The issue is not total invisibility of classes_. The issue is the absence from standard sklearn inspection surfaces and the absence of integrity binding between learned numeric parameters and final semantic label mapping. A reviewer using the standard sklearn API (repr(), get_params(), checking coef_/intercept_/decision_function()) sees a completely benign model.
Changing classes_ flips the semantic meaning of every prediction while all numeric model behavior remains identical.
Reproduction
pip install joblib scikit-learn numpy scipy
python3 test_runtime.py
python3 inspect_models.py
python3 compare_artifact_integrity.py
sha256sum -c SHA256SUMS.txt
Expected Results
test_runtime.py
- 7/7 input labels flipped (ALLOW becomes DENY and vice versa)
decision_functionidentical for all inputs (bit-identical)predict_probaidentical for all inputs (bit-identical)- 5/5 reload determinism confirmed
- No warnings on load or predict
inspect_models.py
| Surface | Equal? |
|---|---|
| repr(model) | Yes |
| str(model) | Yes |
| get_params(deep=True) | Yes |
| HTML repr | Yes |
| coef_ | Yes |
| intercept_ | Yes |
| n_features_in_ | Yes |
| n_iter_ | Yes |
| decision_function(X) | Yes |
| predict_proba(X) | Yes |
| classes_ | No |
| predict(X) | No |
Only classes_ and predict() differ. All other inspection surfaces are identical.
compare_artifact_integrity.py
- Dangerous string scan: CLEAN (both artifacts)
- Both artifacts are standard sklearn LogisticRegression
- No custom
__reduce__ - All numeric arrays identical; only
classes_differs
Non-Claims
- This PoC does not demonstrate code execution.
- This PoC does not use a custom class.
- This PoC does not use
__reduce__. - This PoC does not exploit pickle deserialization for code execution.
- This PoC does not claim memory corruption.
- This PoC does not claim a scanner bypass as the primary issue.
classes_is visible if explicitly inspected; the claim is about standard sklearn inspection surfaces and missing integrity binding.
Scanner Results (Secondary Evidence)
- ModelScan: No issues found (0 issues)
- picklescan: 0 infected files, 0 dangerous globals
Both scanners encounter the expected NumpyArrayWrapper opcode parse error (standard joblib format, not malicious).
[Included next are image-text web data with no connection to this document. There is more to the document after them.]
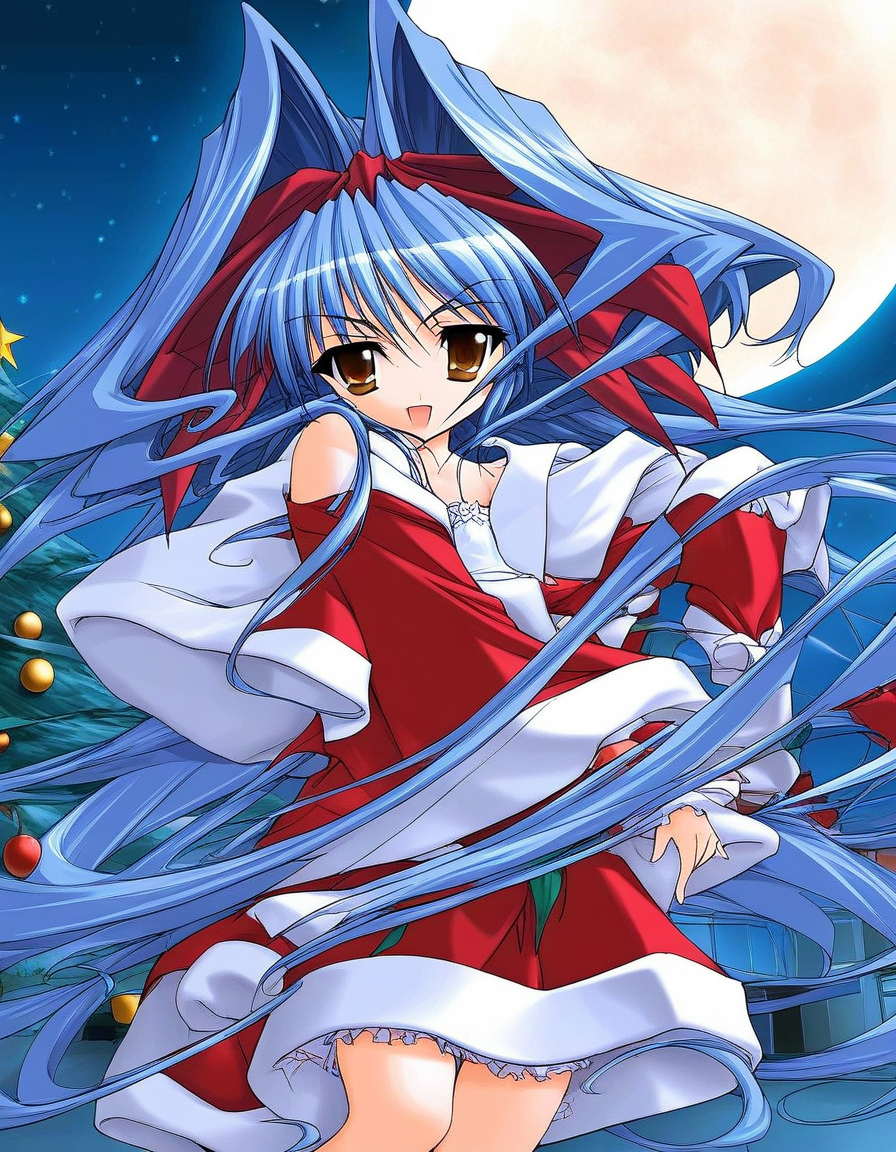 score_9, score_8_up, score_7_up, source_anime, rating_explicit, BREAK  <lora:Shion_mahjong_XL:1> Shion_mahjong, very long hair, blue hair, hair bow, hair intakes, brown eyes, flat chest, short stack,
Christmas, SantaClaus,  night, starry sky,  full moon,
looking at viewer, 
cowboyShot,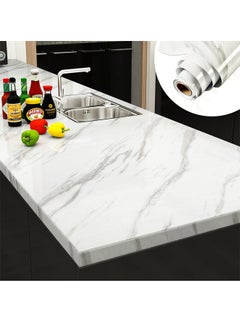 Sharpdo White Wallpaper White Peel and Stick Wallpaper Marble Counter Top Stick on Wallpaper Backsplash Self Adhesive Wallpaper (White Grey Stripe, 3m×60cm)  - Image 1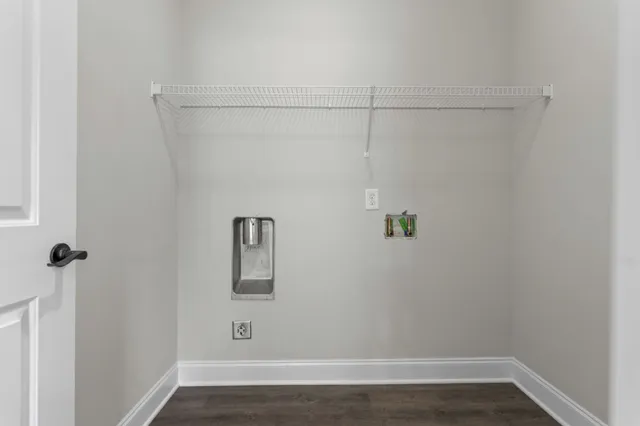 a view of small space with wooden floor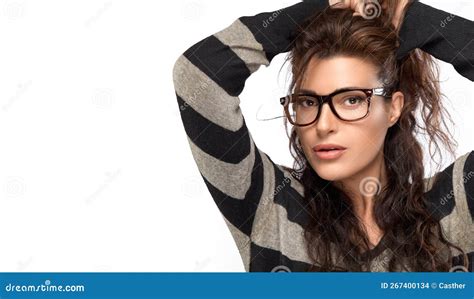 Portrait Of A Beautiful Young Woman Wearing Glasses Cool Trendy Panorama Banner Eyewear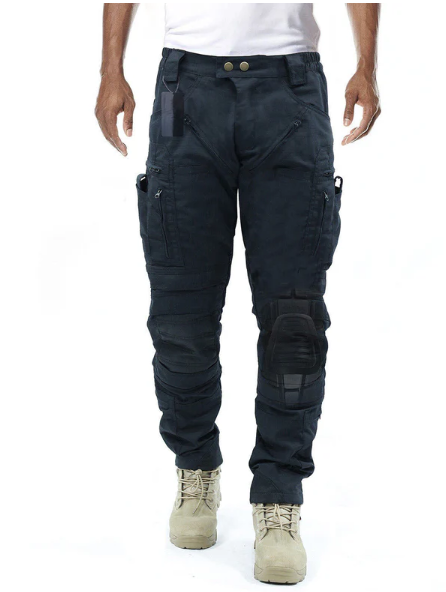Comfortabele heren cargo broek Bram met stretch tailleband en kniebescherming, perfect voor functionele bewegingsvrijheid.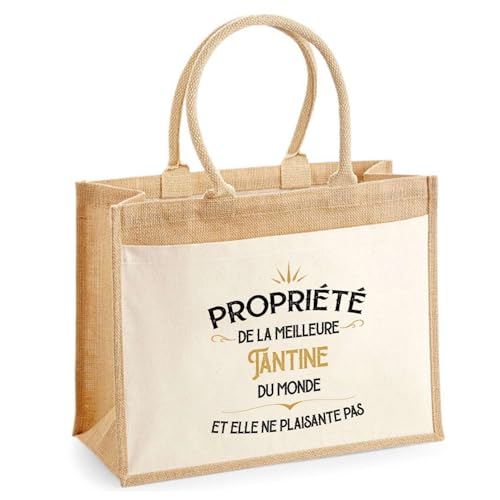 Cabas jute Meilleure Tantine - Grand sac de shopping Planetee pour femme
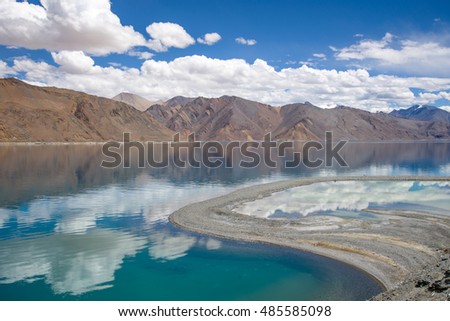 Spectacular Pangong Lake with mountain in Ladakh, India. The lake's water level is at 4241m/13915 ft.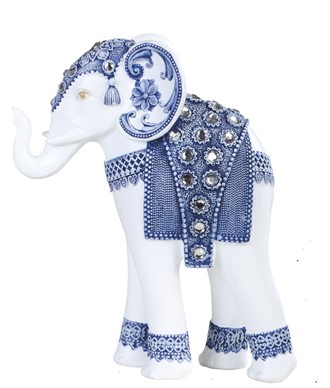 9" Blue/White Long Legged Elephant | GSC Imports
Scanner results are secondary evidence only.
Patch / Recommendation
- Include fitted attributes such as
classes_in model inspection summaries or integrity metadata. - Provide an optional integrity check binding
classes_to learned estimator state. - Warn when final class label mapping changes while numeric model parameters remain unchanged.
- For model supply-chain tools, inspect fitted attributes, not only hyperparameters and learned numeric arrays.